Start of EXERCISE INPUT

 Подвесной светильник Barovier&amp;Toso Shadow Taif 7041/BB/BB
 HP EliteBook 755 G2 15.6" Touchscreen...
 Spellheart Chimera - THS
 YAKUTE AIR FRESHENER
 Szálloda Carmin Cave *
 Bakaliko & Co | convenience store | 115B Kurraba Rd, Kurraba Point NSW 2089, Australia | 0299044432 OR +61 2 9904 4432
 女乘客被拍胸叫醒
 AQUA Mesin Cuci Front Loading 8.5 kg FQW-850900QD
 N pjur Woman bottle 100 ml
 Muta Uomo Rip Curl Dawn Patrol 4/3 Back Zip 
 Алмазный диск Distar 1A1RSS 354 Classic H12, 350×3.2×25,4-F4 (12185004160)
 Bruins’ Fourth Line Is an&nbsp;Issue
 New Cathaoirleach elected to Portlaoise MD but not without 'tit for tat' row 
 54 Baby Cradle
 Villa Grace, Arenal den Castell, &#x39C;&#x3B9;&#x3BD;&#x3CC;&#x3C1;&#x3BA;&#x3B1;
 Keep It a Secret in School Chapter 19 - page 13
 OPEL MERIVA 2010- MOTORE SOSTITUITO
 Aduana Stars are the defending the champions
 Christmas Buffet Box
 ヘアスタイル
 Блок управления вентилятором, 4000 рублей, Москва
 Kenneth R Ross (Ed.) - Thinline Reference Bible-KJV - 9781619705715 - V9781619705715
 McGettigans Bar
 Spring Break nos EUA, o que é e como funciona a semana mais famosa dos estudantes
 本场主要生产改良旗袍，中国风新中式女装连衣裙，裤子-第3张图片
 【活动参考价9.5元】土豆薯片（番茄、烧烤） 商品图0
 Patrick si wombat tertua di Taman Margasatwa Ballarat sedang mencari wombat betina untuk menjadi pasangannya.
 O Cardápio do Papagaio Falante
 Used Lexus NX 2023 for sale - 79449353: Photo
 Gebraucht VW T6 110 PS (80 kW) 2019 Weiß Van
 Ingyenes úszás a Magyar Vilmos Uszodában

End of EXERCISE INPUT

• **EXERCISE DESCRIPTION**
Could you please copy the lines of the listing above exactly, from its first line through the line bearing "Bruins’ Fourth Line Is an&nbsp;Issue", and nothing more?

• **EXPECTED ANSWER**
 Подвесной светильник Barovier&amp;Toso Shadow Taif 7041/BB/BB
 HP EliteBook 755 G2 15.6" Touchscreen...
 Spellheart Chimera - THS
 YAKUTE AIR FRESHENER
 Szálloda Carmin Cave *
 Bakaliko & Co | convenience store | 115B Kurraba Rd, Kurraba Point NSW 2089, Australia | 0299044432 OR +61 2 9904 4432
 女乘客被拍胸叫醒
 AQUA Mesin Cuci Front Loading 8.5 kg FQW-850900QD
 N pjur Woman bottle 100 ml
 Muta Uomo Rip Curl Dawn Patrol 4/3 Back Zip 
 Алмазный диск Distar 1A1RSS 354 Classic H12, 350×3.2×25,4-F4 (12185004160)
 Bruins’ Fourth Line Is an&nbsp;Issue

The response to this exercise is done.